I’m assuming that reviews from trained professionals (like movie, music, food and software reviewers) would be included under the general “newspaper and magazine” categories, although I can’t be sure.
One of the artifacts of the Web 2.0 explosion has been the profusion of sites soliciting consumer feedback. One of the most successful such operations (maybe the most successful – it’s certainly the one I am personally most aware of) is Yelp, but you can find comments on all kinds of businesses at the Web sites for local TV and print outlets, alt weeklies, independent blogs, you name it. Because by golly, in the age of social media, we care what you think!
Which leads me to my reason for writing today. I have been known to comment that, yes indeed, opinions are like assholes – everybody in fact has one. (Well, except for this guy.) However, informed opinions are more like Mercedes-Benz E550 convertibles – that is, they’re somewhat rarer.
Last Saturday I found myself hankering for some good Mexican – specifically, something slathered in the chile verde that this part of the country is famous for. There are a couple of places that have long been my go-to options for green chile – Lime and Benny’s are very different, but I love both. I was feeling like exploring, though, maybe trying something new, and I remembered that a week or two ago my Yelp e-mailer devoted an issue to “D-town Green Chile Lowdown.” So I dug it out, read the reviews and recommendations, and settled on one of the two places closest to where I live. The commenters had some small carps about various peripheral issues, but the consensus was that the green chile was righteous.
I had to wait awhile for a seat because the place was packed. Good sign, as a rule. I ordered my favorite Mexican dish – beef burrito with chile verde. It arrives, I dig in, and let me tell you, “righteous” isn’t quite the right word. A better word would be … let me think here, because I want to get this right … ummmm … what’s the word for “completely and utterly without any taste whatsoever”?
The beef itself was doing its part to hold down the restaurant’s seasoning costs and the chile, well, put it this way. I’m not a renowned Mexican chef by any stretch, but I have two recipes that are worlds better.
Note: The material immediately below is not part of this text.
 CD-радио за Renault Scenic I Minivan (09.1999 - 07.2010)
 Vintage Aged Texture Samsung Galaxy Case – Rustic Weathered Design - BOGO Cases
Disappointed? You betcha. I can’t imagine going back there, especially since it was also a dollar or two pricier than other Mexican restaurants in its general class.
I can only theorize that all those positive, nay glowing comments on the sparkling fabulosity of this place’s verde were written by employees or family members of the owners. And that’s the problem with consumer reviews – comments are of no value in the absence of some means for determining credibility. If you’re vested in the business, you may lack objectivity. Or maybe you’re an idiot, which also tends to compromise the value of your contributions.
Sure, I have family and friends I might trust on certain questions – a brother-in-law who’s a CFO in the furniture industry, for instance, might be of some value if I’m hunting for furniture bargains. But I have other relatives and social associates that I wouldn’t trust if I were trying to figure out what color the sky is.
The bottom line is that you can hit a consumer review site, read the comments, and still have no idea how to decide. One product has dozens of positive reviews – that could mean it’s really good. Or it could mean that the marketing group does a good job leveraging the power of social media.
When I got home, the first thing I did was unsubscribe from that Yelp e-mailer. All it can really do is call my attention to businesses I didn’t know about, but I can get that from a lot of places, including a local alt-weekly – and when I go there I can also find reviews from, you know, reviewers. People who do it for a living. I may not agree with them all the time, but odds are their taste buds can distinguish between tasty chile verde and dishwater thickened up with flour. Also, I’m probably not reading something my waiter wrote on his day off.